At a certain size or number of self run services, they very well might be. I used to be the guy that did the set up for these sort of self managed solutions, and ran them day to day. In some shops the workload was high enough we needed multiple people like me doing it. Or a whole team. Doing DevOps style management of them just let us do it with fewer people - it certainly didn't make it feasible for developers to do the day to day management of these services and still write code.
Haha, so cleaned the internal IT / DevOps mess and call it a day and than blog post it
The whole point of AWS is to use services on demand; it's like buying 133 conference tickets for your 100 person company.
If I make a .NET service or site, I know (with the tools I use) I can deploy it on any linux or windows machine without issue. I can take it anywhere that I can run any software.

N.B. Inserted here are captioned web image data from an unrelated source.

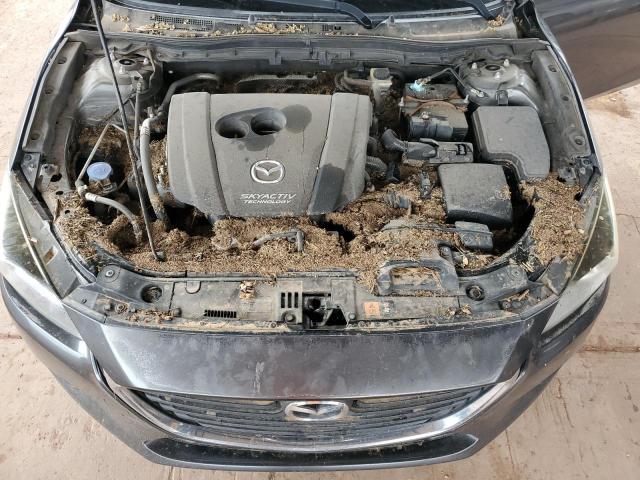 3MZBN1U76HM156363 - 2017 MAZDA 3 SPORT 灰色 照片 11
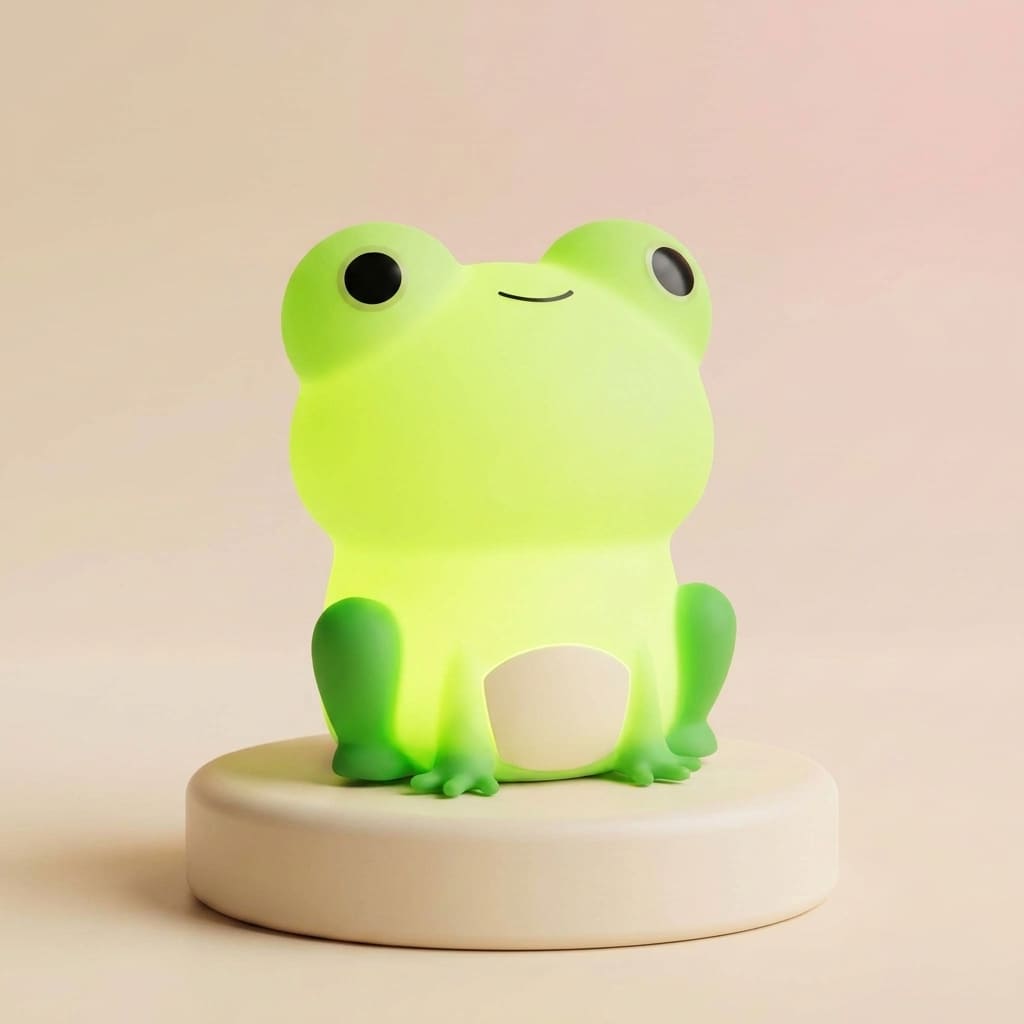 Frog Mochilumi Mood Light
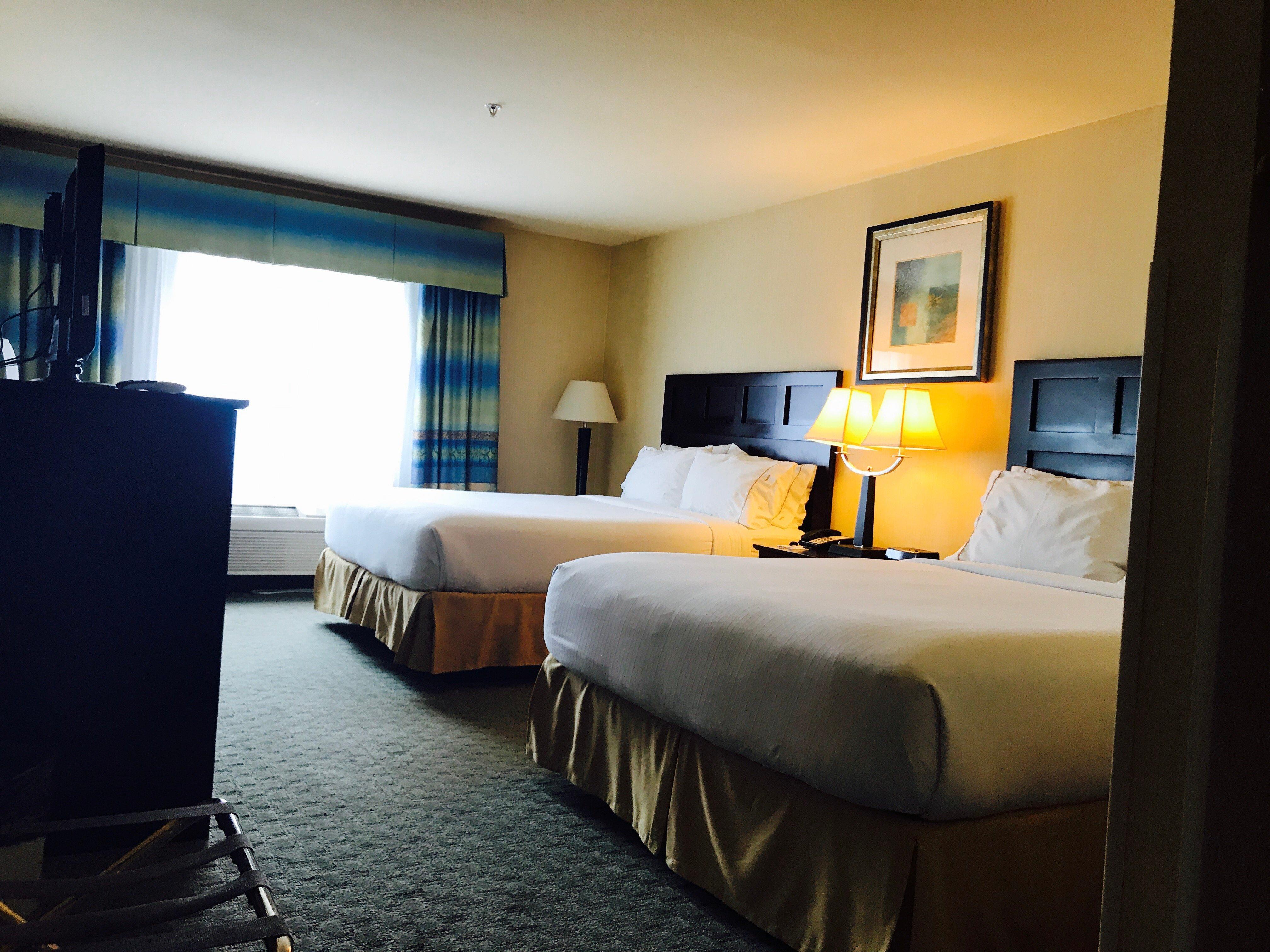 Holiday Inn Express Fort Bragg By Ihg Экстерьер фото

Sure, may need more glue for certain scenarios, but you know that you can move as soon as a provider shows it's fangs.
I'd really like to start seeing a series of blog posts from companies who are running extremely lean and efficient tech environments by utilizing cloud in an intelligent manner and avoiding the expensive and unnecessary bullshit that's so prevalent today. The ones that can brag "How we run a $4M/yr SaaS on $40k/yr of AWS spend!" are far more interesting than "How we stopped incinerating millions of VC money by simply turning off shit we didn't need"
Maybe the blog post would have been "How we run a $1M/yr SaaS on $40k/yr of AWS spend!" instead of $4M?
ie If working on a new product or feature to understand upfront "this managed service is x% more then more bare bones" etc.
essentially turning an alchemy into a science
I think a lot of people make the mistake of assuming AWS is just an easy off-the-shelf thing you can just grab, but if you use it seriously it's a full-time job and its own expertise.
Source: I've done some AWS certifications, never was able to put them into practice though. I've also worked in multiple organizations that migrated to AWS, they all had a full-time team of people managing it.
It's a full-time, specialist job and you can't just palm it off to your engineers as a background thing.